An international proponent of the world renewable energy industry says that Australia has vast opportunities for growth in the renewable sector, despite spending cuts to climate initiatives in the Federal Budget.

Hans-Josef Fell said it was vital that governments put in place laws providing a positive framework for growth in renewable technologies, such as solar, wind and ocean current hydropower. This would become increasingly important as the price of fossil fuel skyrockets in the next decade.

Mr Fell is the politician who oversaw Germany’s introduction of renewable power sources laws in 2000, which were aimed at increasing the uptake of renewable energy in that country, in particular solar energy, by 2010. The result has been very good for Germany’s renewable companies.

“In 2000 in Germany, we set a target to double the share of renewable energy by 2010 – from six to 12 per cent,” he told a Perth meeting organised by the WA Sustainable Energy Association.

“Nearly no one believed that this was achievable.

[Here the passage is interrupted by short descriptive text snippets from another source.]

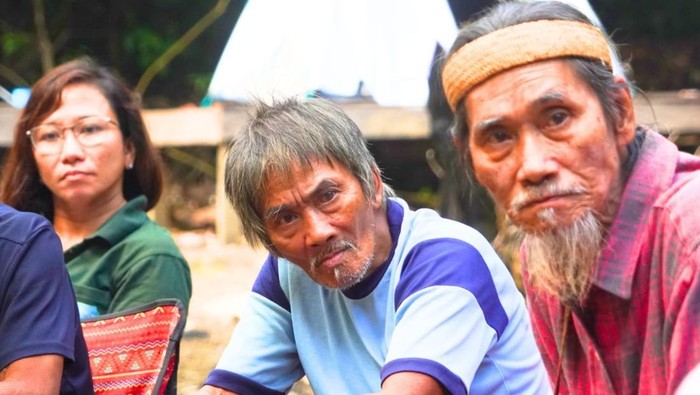 Linda Novita Ding (Kacamata) bersama Masyarakat Adat Punan Batu Benau Sajau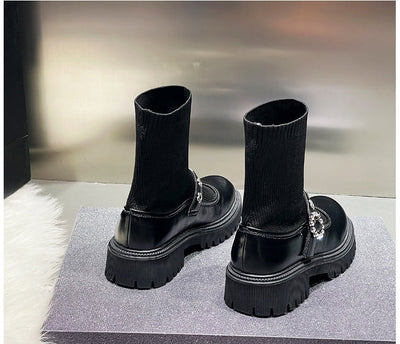 Tanya – Dicksohlige Damen Sockenstiefel im Martin-Stil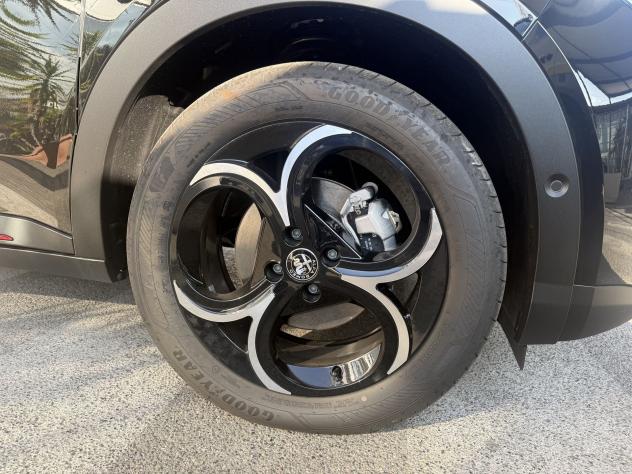 Alfa Romeo Junior Ibrida 1.2 136CV Hybrid eDCT6 ibrida SPECIALE + optional CORSA E CERCHI 18 - Foto 4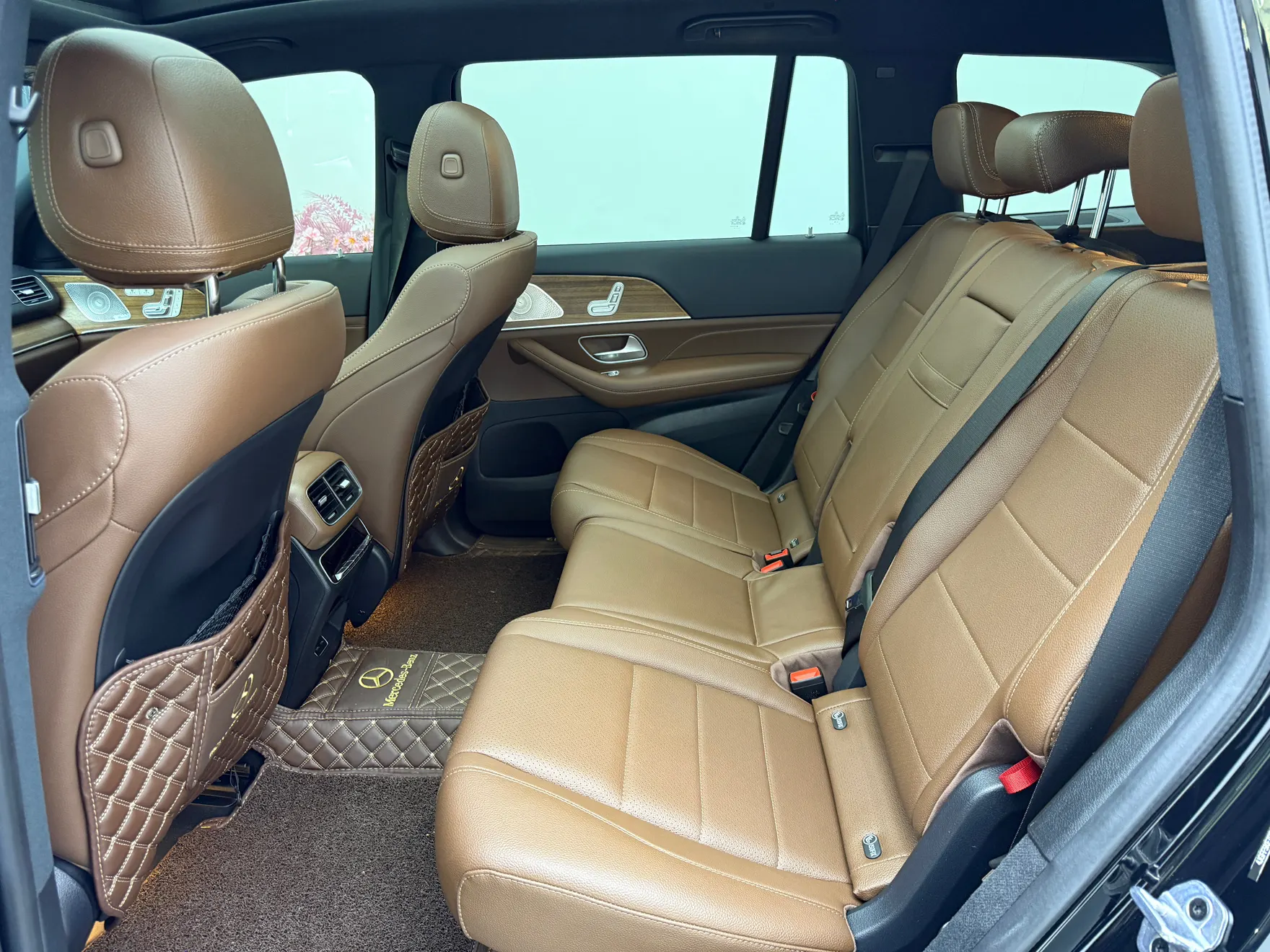 Mercedes-Benz GLS 450, 2024 19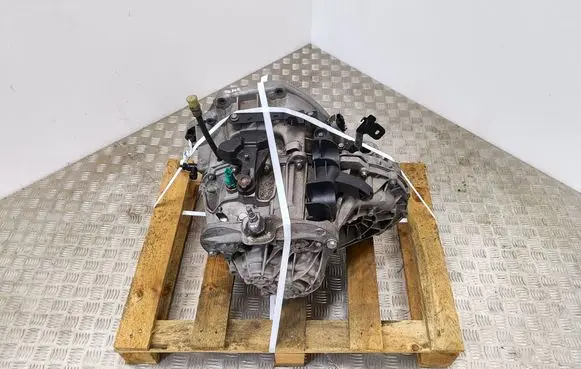 Fiat Talento Manual 6 speed gearbox 304013792R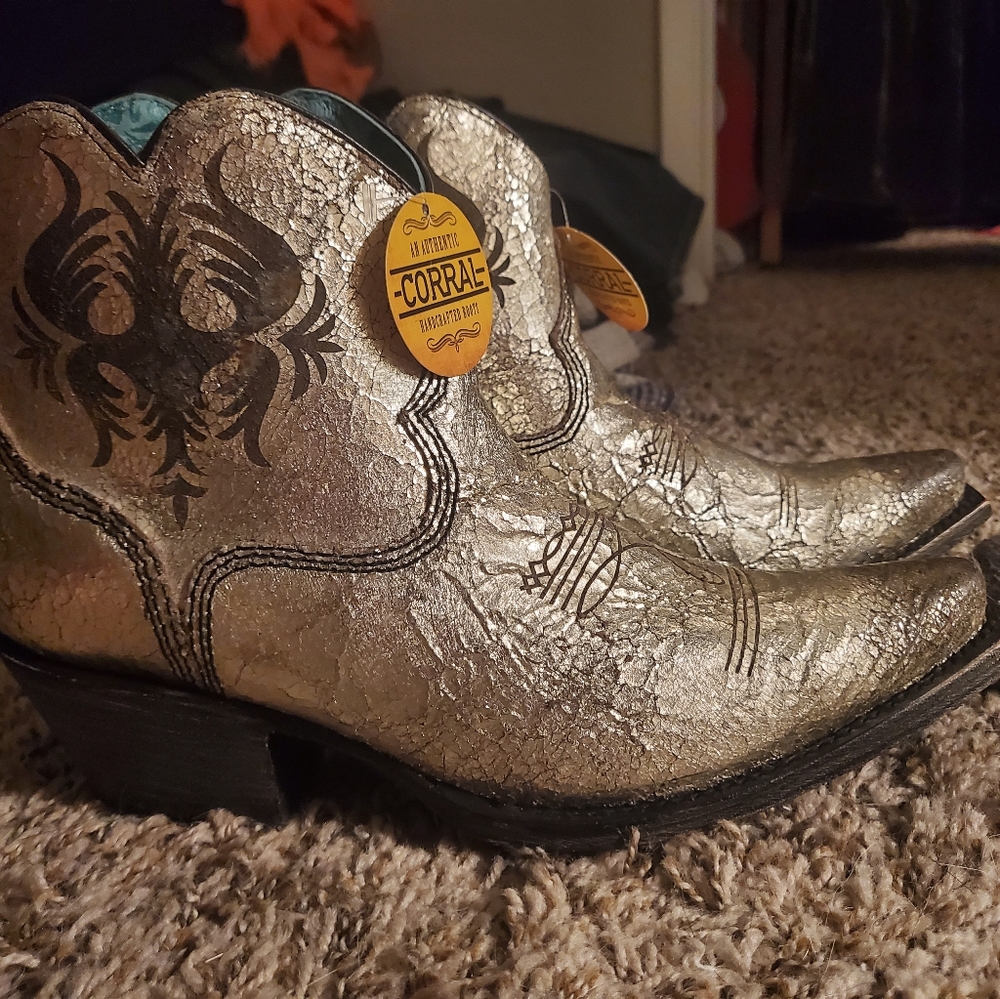Super cute metallic leather cowboy booties by Corral.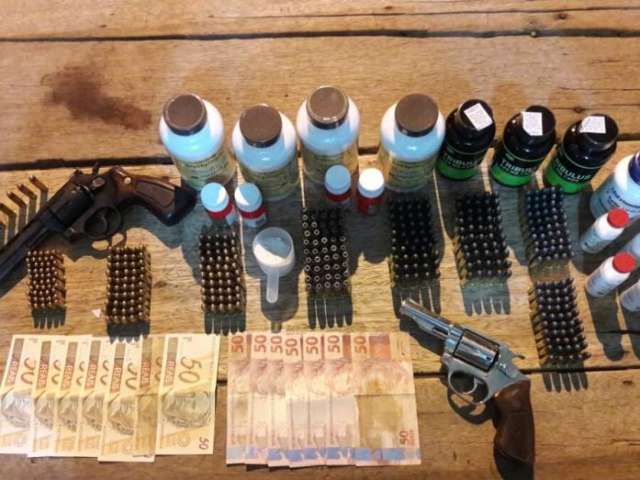 Estudante de medicina &eacute; preso com armas, maconha e anabolizantes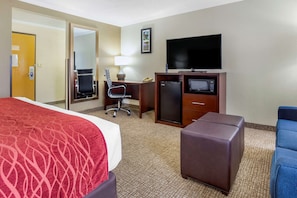 Suite, 1 King Bed with Sofa bed, Non Smoking
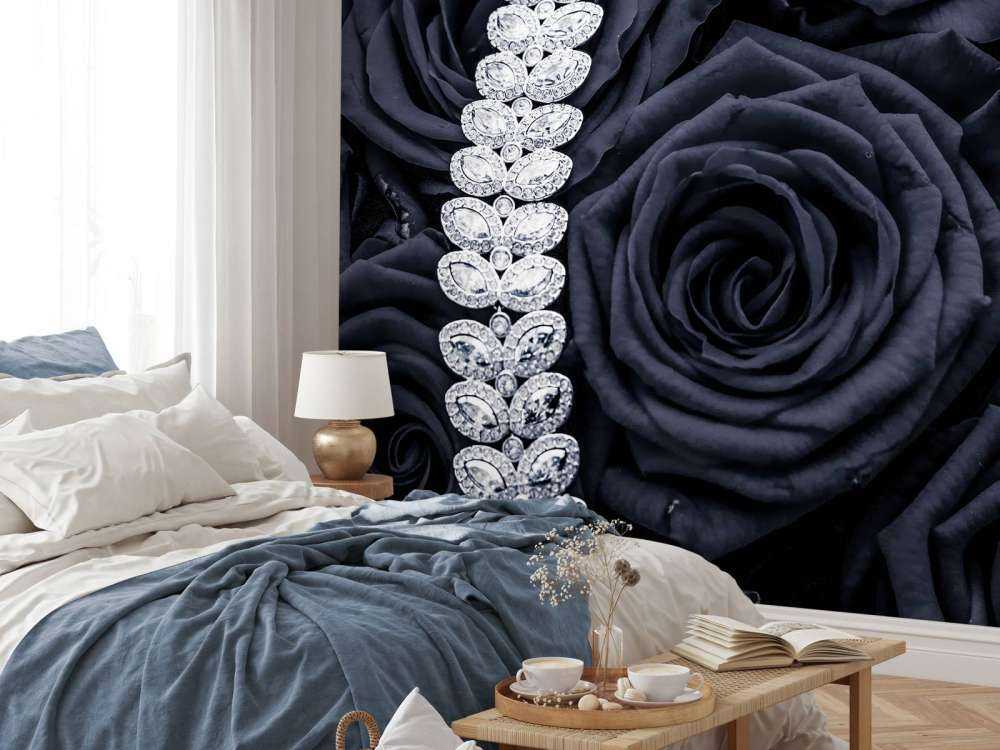 Donkere rozen met een diamanten ketting erop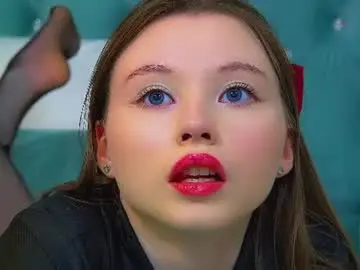 Chaturbate Live Sex Cam of keiraace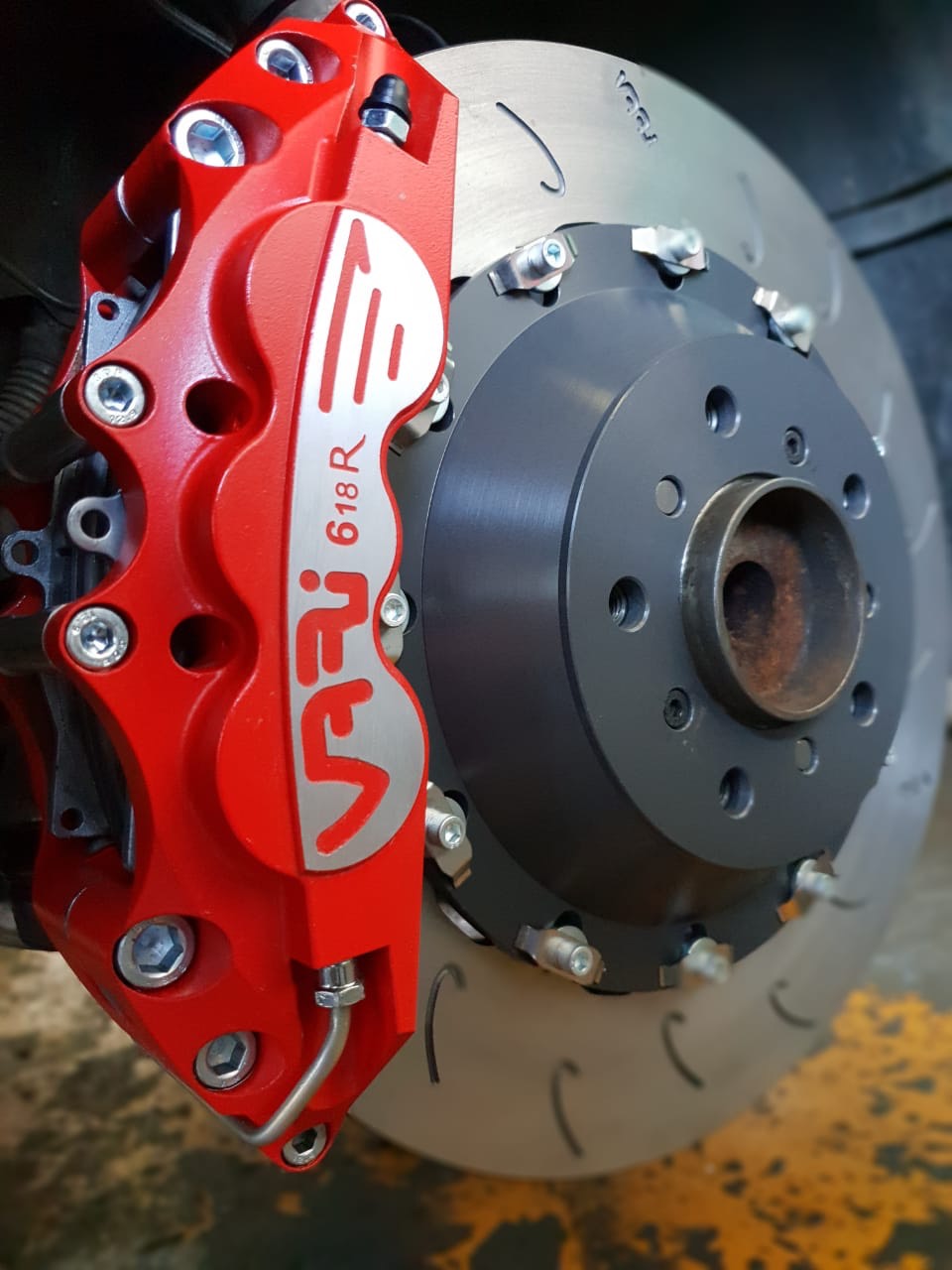 Vari Racing Calipers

But at the end of 2007, we reached 14 per cent, a much higher figure in a much shorter time.”

Mr Fell said the next ten years would be absolutely vital for Australia’s renewable energy sector, and that measures like gross feed-in tariffs – which pay homes installed with solar and wind power a premium for the energy they produce – were essential to stimulate the market.

“We need for some technologies – especially PV, solar thermal power stations or ocean energy – a good political framework to help them to reduce the cost for technology to come into mass production,” he said.

“The best framework is a feed-in tariff. A feed-in tariff gives the private capital the secure (framework) for profitable investment.”

Mr Fell’s call comes at a time when Australia’s solar panel industry is suffering under changes to the national solar rebate scheme. Households earning above $100,000 per annum have been excluded from receiving the solar rebate, drastically cutting the number of solar energy systems in Australian homes.